(Provided material begins)
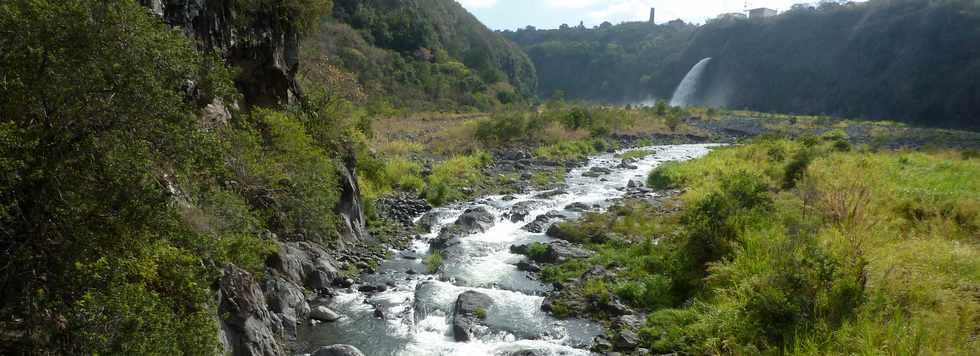 1er novembre 2013 - Bras de la Plaine en crue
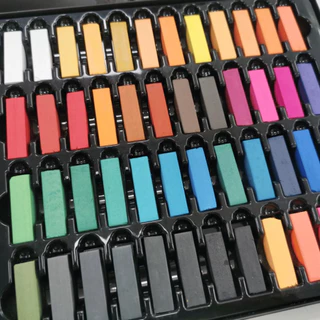 JASON ART PROFESSIONAL Artists Soft Pastel สีชอล์คพาสเทล เกรดอาร์ทติส สีชอล์ค สีพาสเทล สีฝุ่น by RUJI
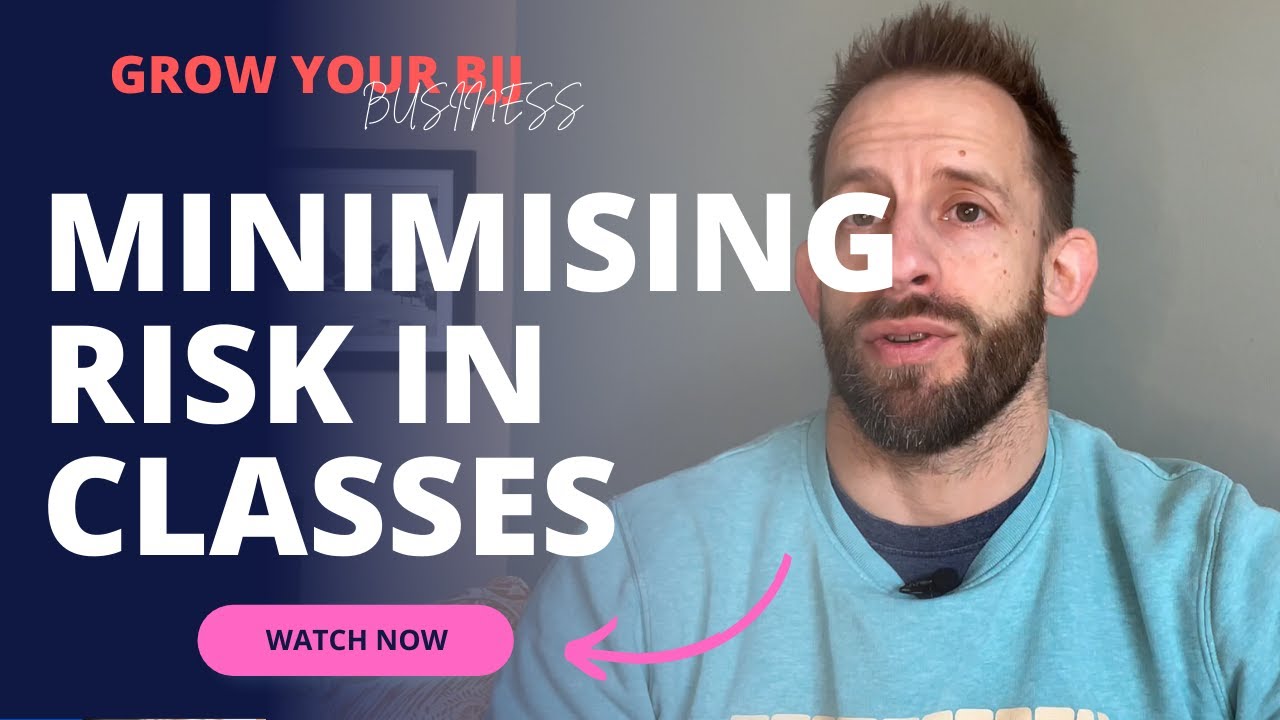 Minimising Risk In Your BJJ Academy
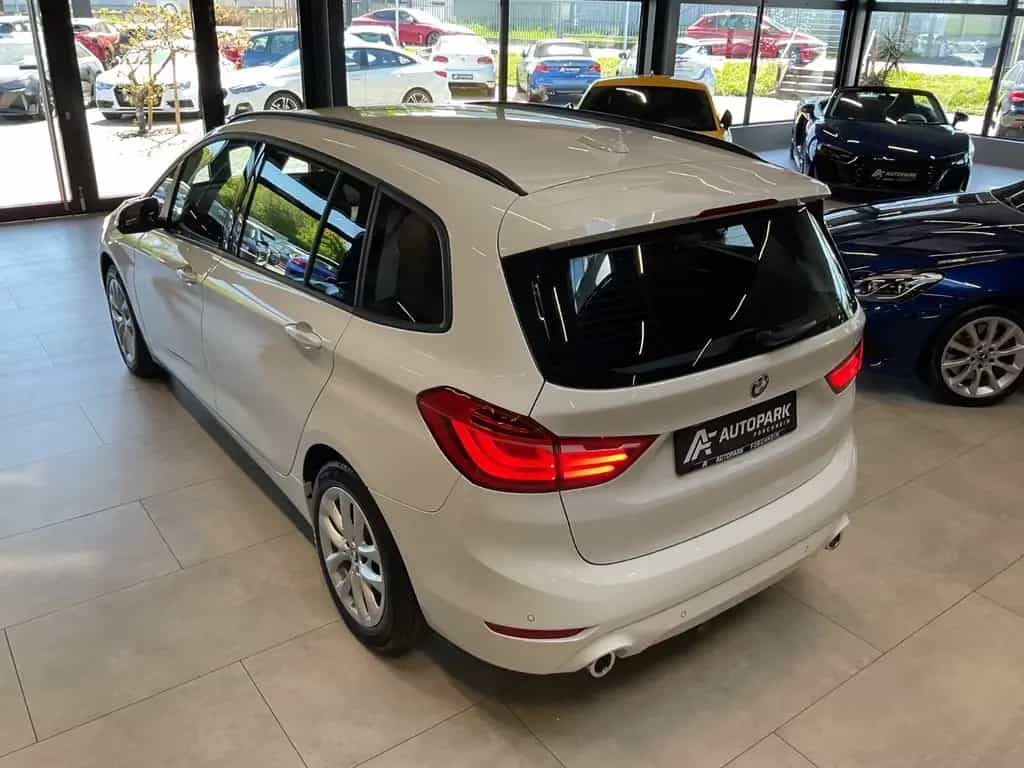 BMW 218 Gran Tourer 218d Gran Tourer xDr. Advantage AHK LED Navi 10/2020-photo-38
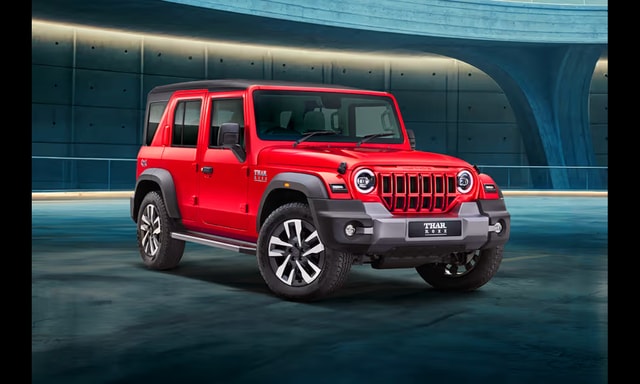 Mahindra Thar Roxx Exterior Image 2 Mahindra Thar Roxx Exterior Image 2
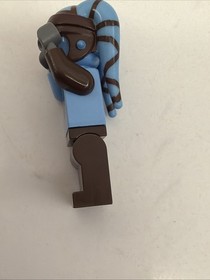 Lego Star Wars Aayla Secura Large Eyes SW0284 Minifigure Jedi With Light Saber 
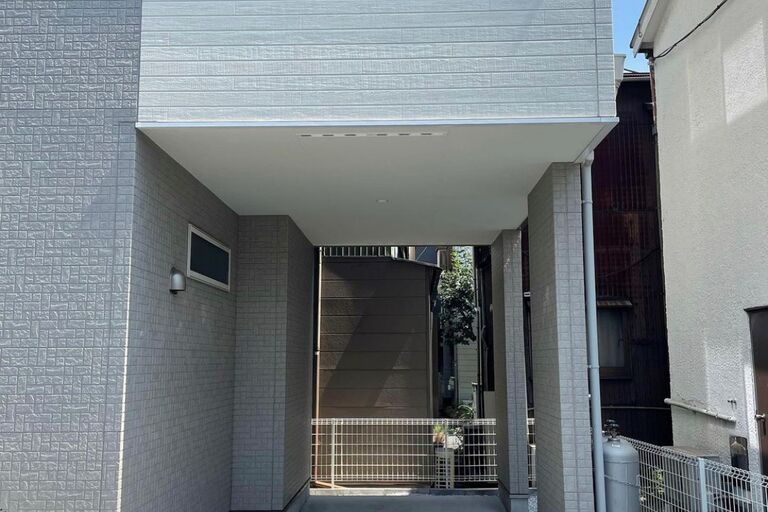 横浜市鶴見区　おむすび屋　before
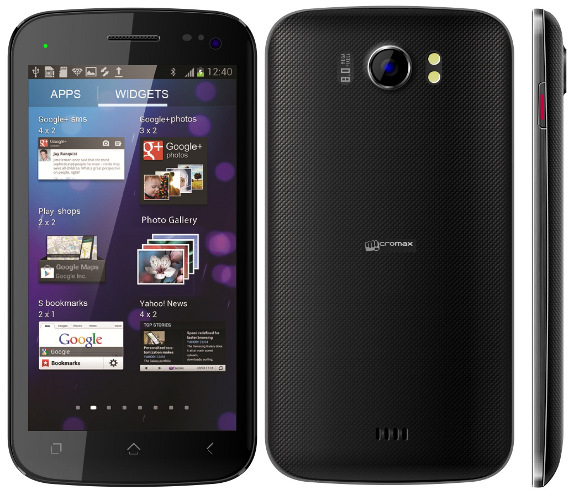 Micromax Canvas 2 large image 0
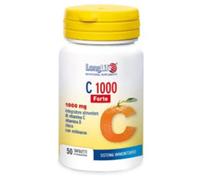 Longlife C 1000 Forte - Integratore Vitaminico in 50 Compresse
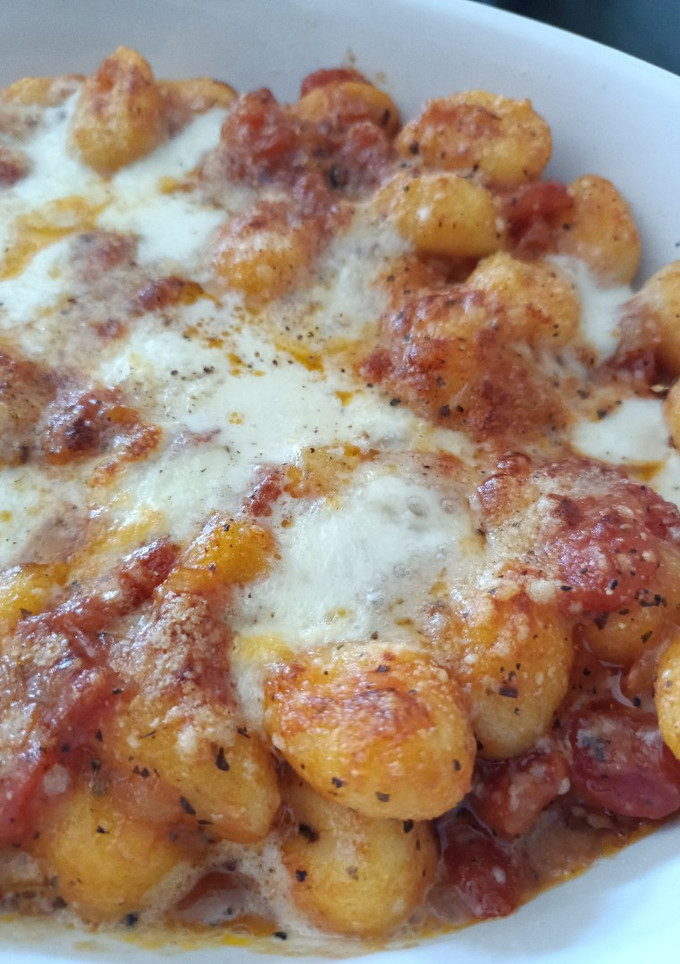 Una foto de Gnocchi alla sorrentina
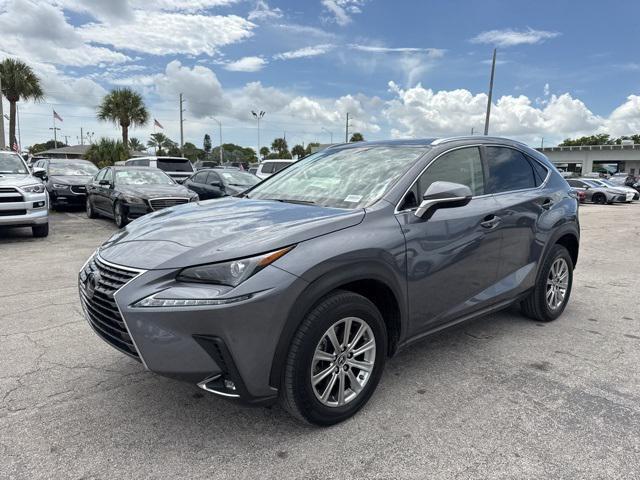 Photo of 2021 Gray Pearl Lexus NX 300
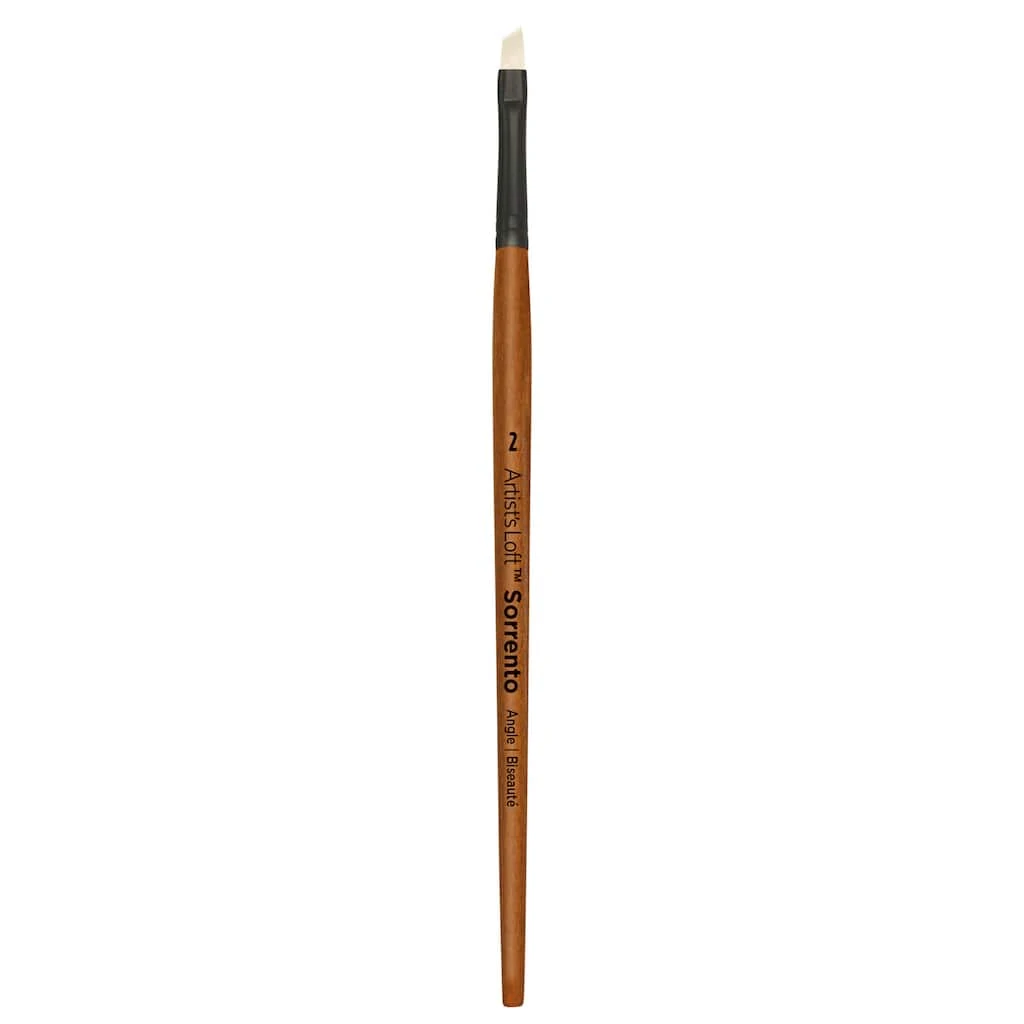 Coupon ⭐ Level 1 Oil Short Handle Angle Brush by Artist's Loft™ by Artists Loft 🧨 6 Coupon ⭐ Level 1 Oil Short Handle Angle Brush by Artist's Loft™ by Artists Loft 🧨 - Image 4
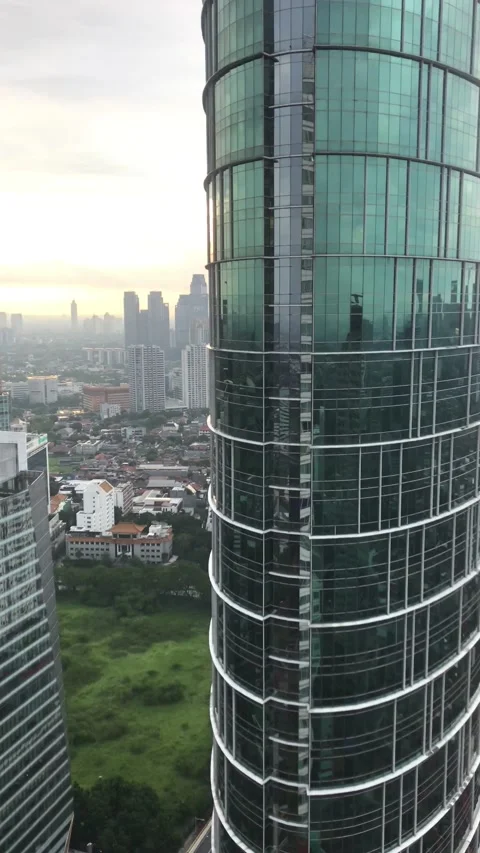 Building View Stock Footage 220235068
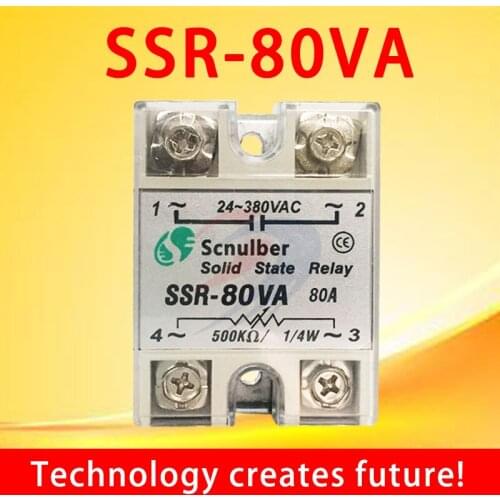 SSR -80VA VR To AC 80A Solid State Voltage Regulator SSVR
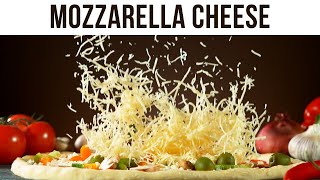 Mozzarella Cheese  Mozzarella Cheese Recipe  Bitrecipes [upl. by Gala174]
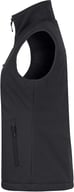 Miniatyrbilde 2 av Black Clique Vattert Softshellvest Dame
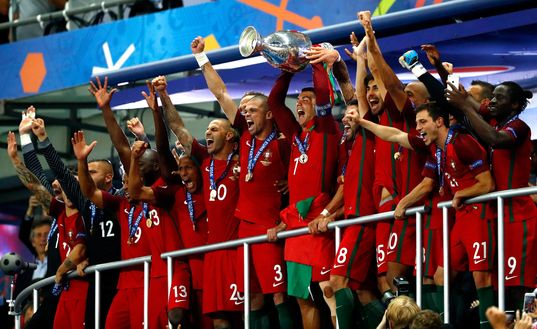 Cristiano Ronaldo (Foto di Clive Rose/Getty Images) L’orgoglio di un padre! Il figlio di Cristiano Ronaldo esordisce con l’under 15 portoghese- immagine 2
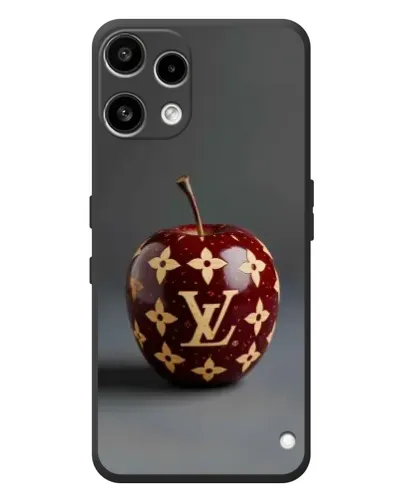 Чехол для Nothing Phone (3a) Lite с картинкой «Красное яблоко LV»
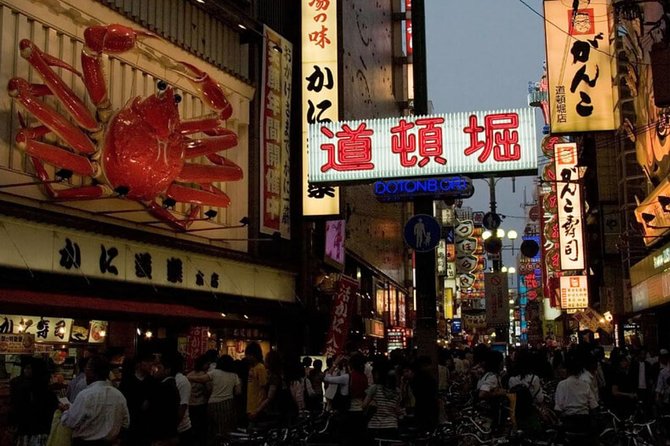 Absolute Osaka Food Tour - Local Insights and Eateries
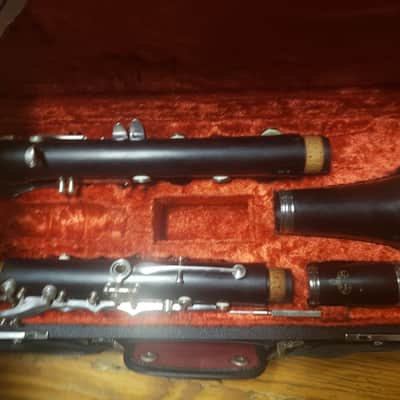 Buffet Crampon R13 Silver Plate Clarinet--New Pads, Gorgeous! image 6
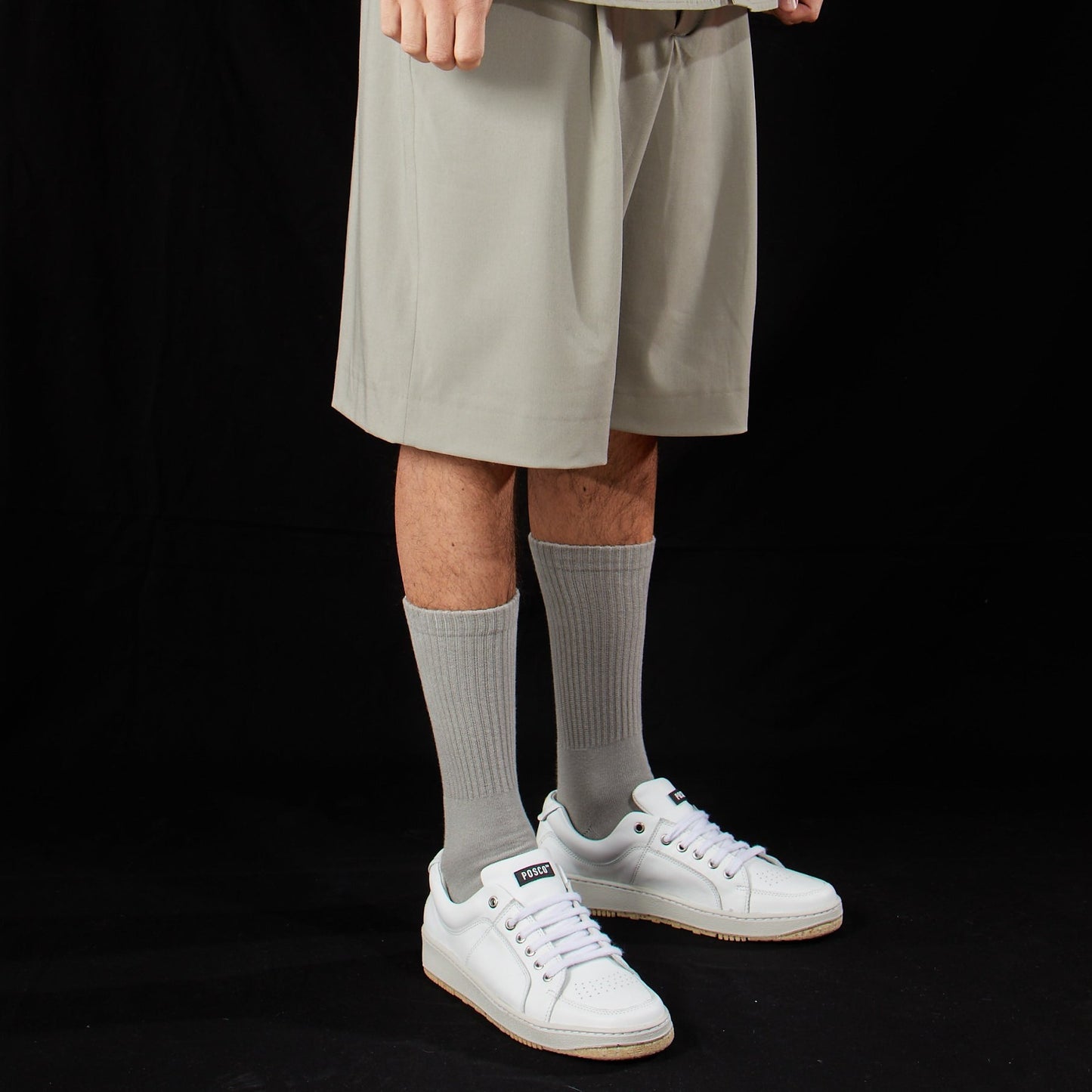 Chunky Sneaker Cuero Blanco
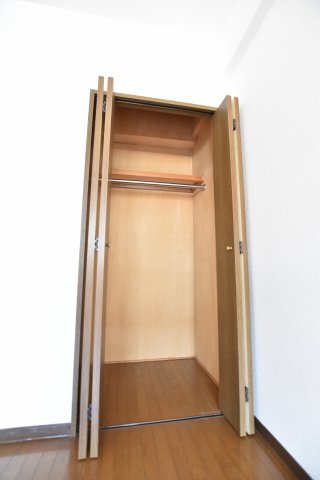 収納　別号室の写真です。ご参考までに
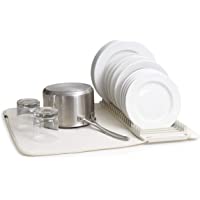 Umbra 330720-354 Escurreplatos plegable con escurridor- 61 x 45.7 cm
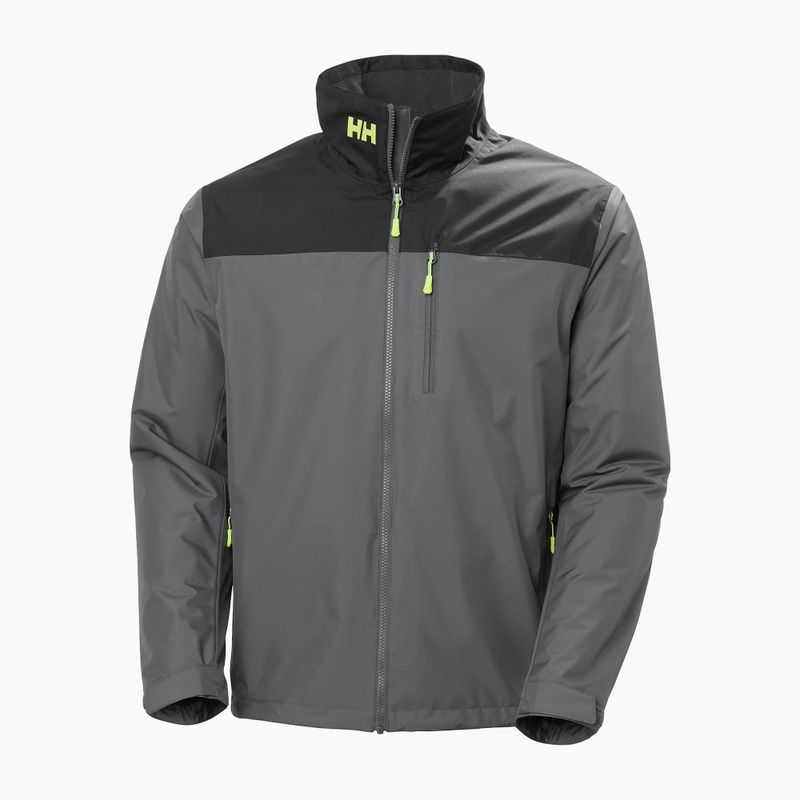 Pánska jachtárska bunda Helly Hansen Crew Midlayer 2 thunder grey 9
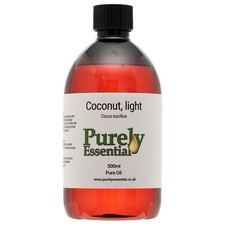 Coconut Oil, Light 50ml 100ml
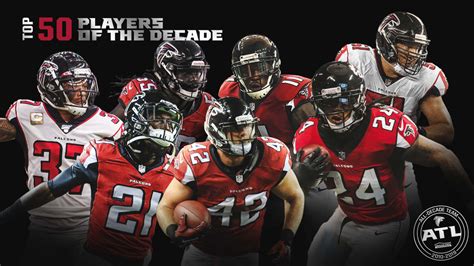 atlanta falcons all time roster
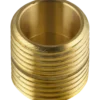 Nippel 1/2" messing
(Provided material ends)
Pictures stay out of this copy; write out the entries above exactly.

Answer for the task:
 1er novembre 2013 - Bras de la Plaine en crue
 JASON ART PROFESSIONAL Artists Soft Pastel สีชอล์คพาสเทล เกรดอาร์ทติส สีชอล์ค สีพาสเทล สีฝุ่น by RUJI
 Minimising Risk In Your BJJ Academy
 BMW 218 Gran Tourer 218d Gran Tourer xDr. Advantage AHK LED Navi 10/2020-photo-38
 Mahindra Thar Roxx Exterior Image 2 Mahindra Thar Roxx Exterior Image 2
 Lego Star Wars Aayla Secura Large Eyes SW0284 Minifigure Jedi With Light Saber 
 横浜市鶴見区　おむすび屋　before
 Micromax Canvas 2 large image 0
 Longlife C 1000 Forte - Integratore Vitaminico in 50 Compresse
 Una foto de Gnocchi alla sorrentina
 Photo of 2021 Gray Pearl Lexus NX 300
 Coupon ⭐ Level 1 Oil Short Handle Angle Brush by Artist's Loft™ by Artists Loft 🧨 6 Coupon ⭐ Level 1 Oil Short Handle Angle Brush by Artist's Loft™ by Artists Loft 🧨 - Image 4
 Building View Stock Footage 220235068
 SSR -80VA VR To AC 80A Solid State Voltage Regulator SSVR
 Mozzarella Cheese  Mozzarella Cheese Recipe  Bitrecipes [upl. by Gala174]
 Miniatyrbilde 2 av Black Clique Vattert Softshellvest Dame
 Cristiano Ronaldo (Foto di Clive Rose/Getty Images) L’orgoglio di un padre! Il figlio di Cristiano Ronaldo esordisce con l’under 15 portoghese- immagine 2
 Чехол для Nothing Phone (3a) Lite с картинкой «Красное яблоко LV»
 Absolute Osaka Food Tour - Local Insights and Eateries
 Buffet Crampon R13 Silver Plate Clarinet--New Pads, Gorgeous! image 6
 Chunky Sneaker Cuero Blanco
 収納　別号室の写真です。ご参考までに
 Umbra 330720-354 Escurreplatos plegable con escurridor- 61 x 45.7 cm
 Pánska jachtárska bunda Helly Hansen Crew Midlayer 2 thunder grey 9
 Coconut Oil, Light 50ml 100ml
 atlanta falcons all time roster
 Nippel 1/2" messing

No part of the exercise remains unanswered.